Germany puts fences along the Polish border against infected wild boars

The German Ministry of Agriculture is continuing its information campaigns on the prevention of African swine fever.

According to the federal government, there is sufficient laboratory capacity for studies on African swine fever in the German herd. In neighboring Poland, a third of the country has now been declared a 'contaminated area', and strict bans apply. German eastern states are now building fences along the border in an attempt to prevent the arrival of infected wild boars.

There are projects in Germany for the detection and disposal of dead wild boar carcasses with hunting dogs in Saarland, Rhineland-Palatinate and Schleswig-Holstein. The number of affected businesses has increased again, with one of the new cases located 50 km from the German border.

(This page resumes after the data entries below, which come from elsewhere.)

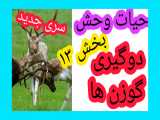 مستند حیات وحش_جدال حیوانات_بخش‌ ۱۳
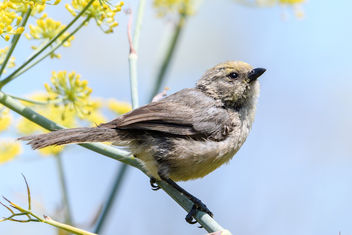 Bushtit (Pacific) (m) with pollen on its face - Free image #455547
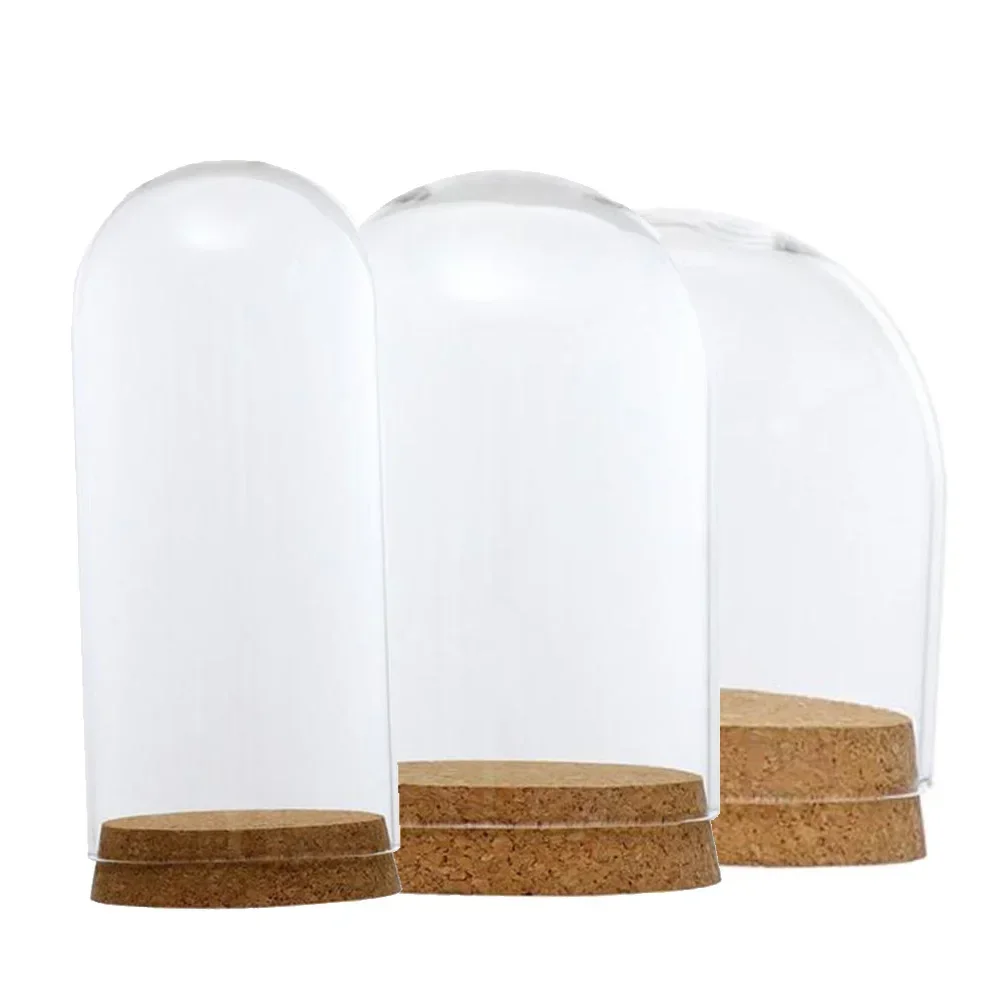 Home Decor Vases Glass Flower Display Cloche Bell Jar Dome Immortal Preservation Wooden Base Everlasting Flower Glass Cover NEW 4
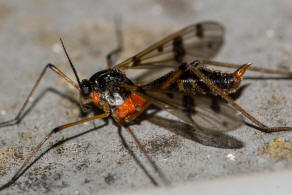 Ptychoptera contaminata / Gefleckte Faltenmcke / Faltenmcken - Ptychopteridae / Ordnung: Zweiflgler - Diptera / Mckenartige - Nematocera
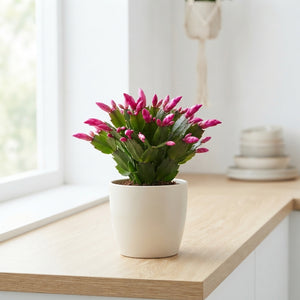 Mixed Schlumbergera Christmas Cactus – 9cm Pot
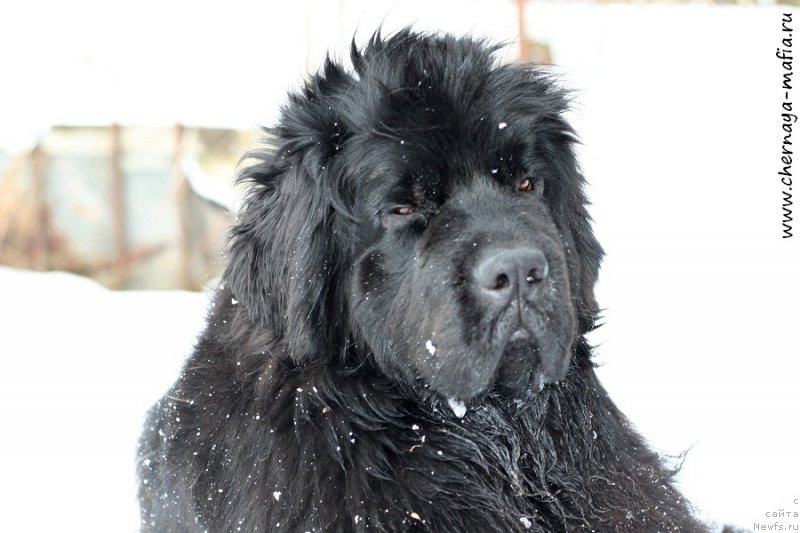 Фото: ньюфаундленд Черная Мафия Шенген Виза (Chernaya Mafia Shengen Visa)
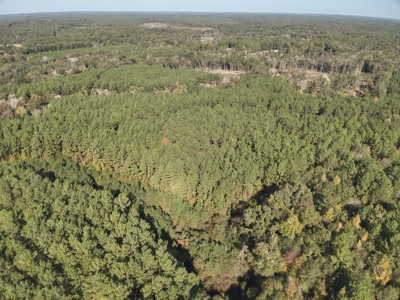 Large Diverse Pine Land W/ Creek for sale near Leesville, LA - image 11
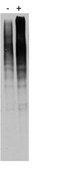 Anticorps anti-ubiquitine (pan), UbiSite&#8482;, clone&nbsp;2G7B8 clone 2G7B8, from mouse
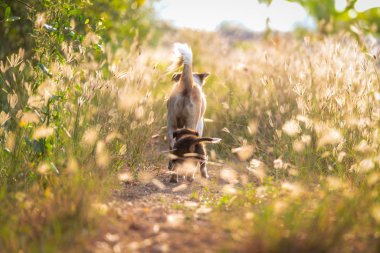 Çayırda çalıştıran kukla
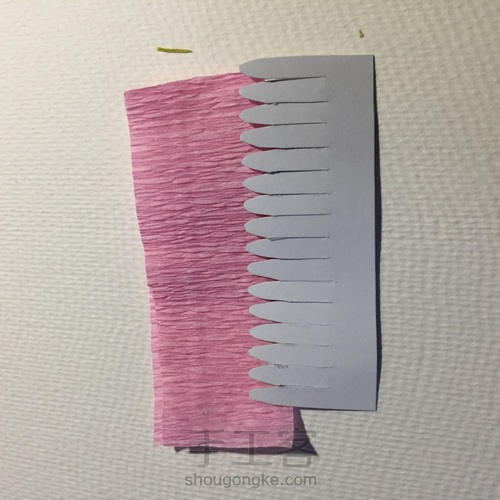 来自春天的小雏菊 第8步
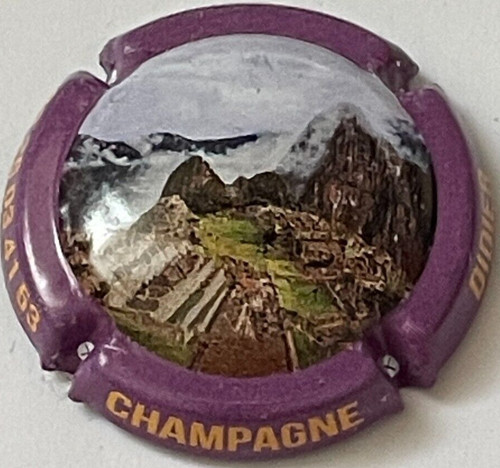Capsule champagne herbert - champagne,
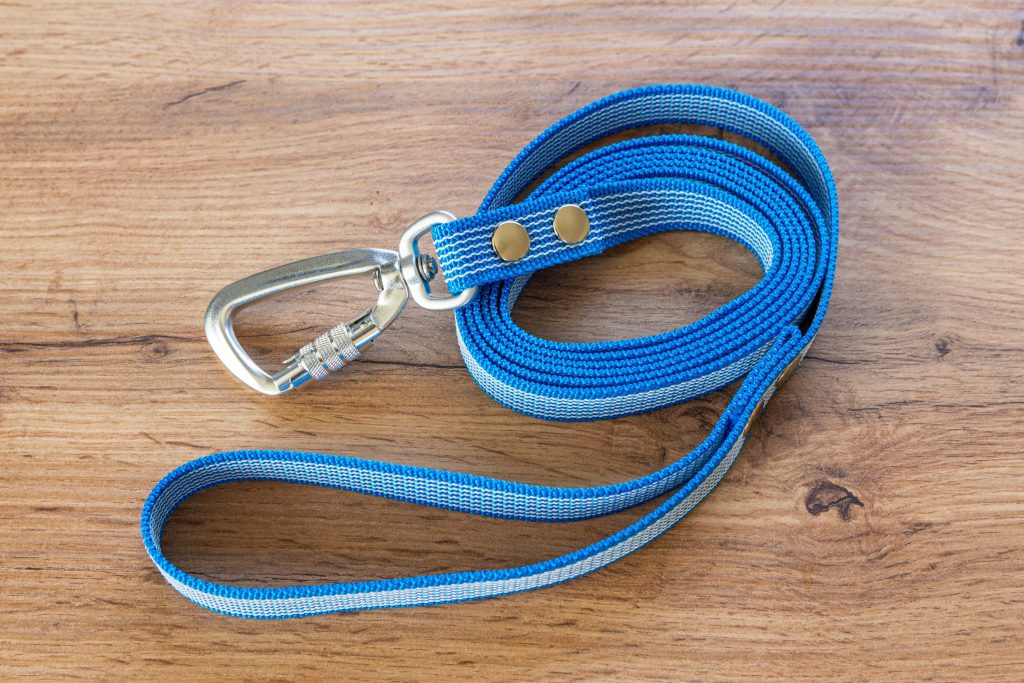 Turquoise Non-slip Dog Leash med Twist-Lock karbinhake, 20 mm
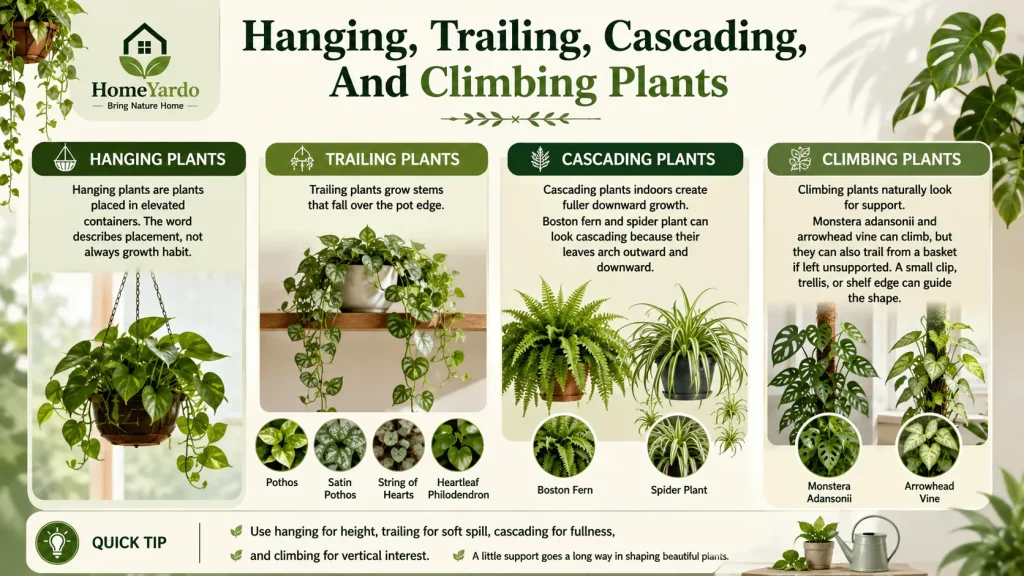 Hnaging, Trailing, Cascading, and climbing plants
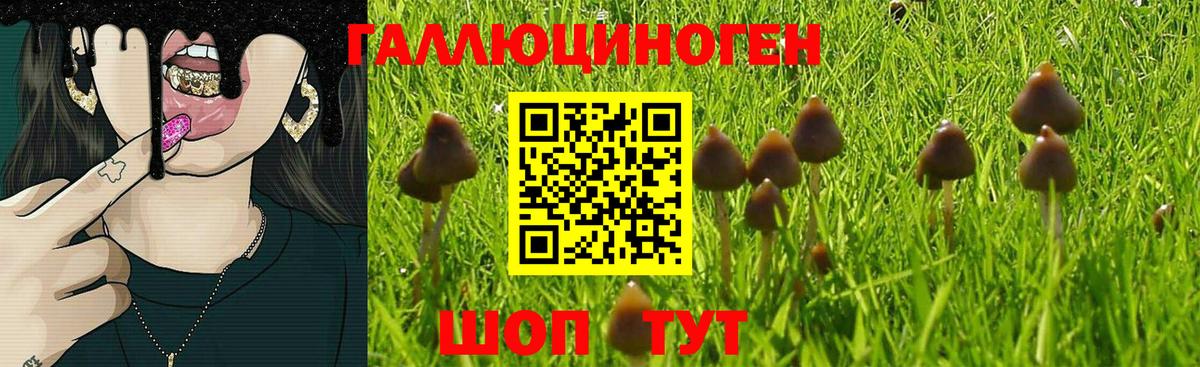 Псилоцибиновые грибы Psilocybine cubensis Бугуруслан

The Chief Veterinary Officer in Poland has now reported 7 new outbreaks of African swine fever (ASF) in pigs in the territory of the Republic of Poland. Outbreaks have increased significantly in the past two weeks. Since July 20, 30 new infections of pigs have been detected in the country. This situation not only leads to the need to slaughter thousands of animals, but also to include a large number of herds in the blue zone (transport bans).

Market observers in Poland speak of a dramatic situation. So far, nearly 50,000 pigs had to be killed in the first half of this year due to ASF cases, which is more than in all of 2019. In the previous year, 48 ASF outbreaks occurred in domestic pigs in Poland; already 37. All farm sizes were affected - from farms with two pigs to a manure facility with 9,500 animals. In total, more than 35,000 pigs had to be killed in 2019.

Aleksander Dargiewicz of the Polish Pig Breeders Association POLPIG says that ASF disease affects not only pig farmers but the entire food industry and has a significant impact on the state budget. Transport restrictions in the blue zones make production unprofitable. The lack of slaughterhouses slaughtering pigs from those zones, which house 36% of the country's pig herd, has drastically reduced purchase prices.

According to Dargiewicz, the fight against African swine fever is extremely difficult and above all expensive. According to him, there should be much more hunting of wild boars, carcasses must be removed from the forest, and biological protection of pig herds must be developed.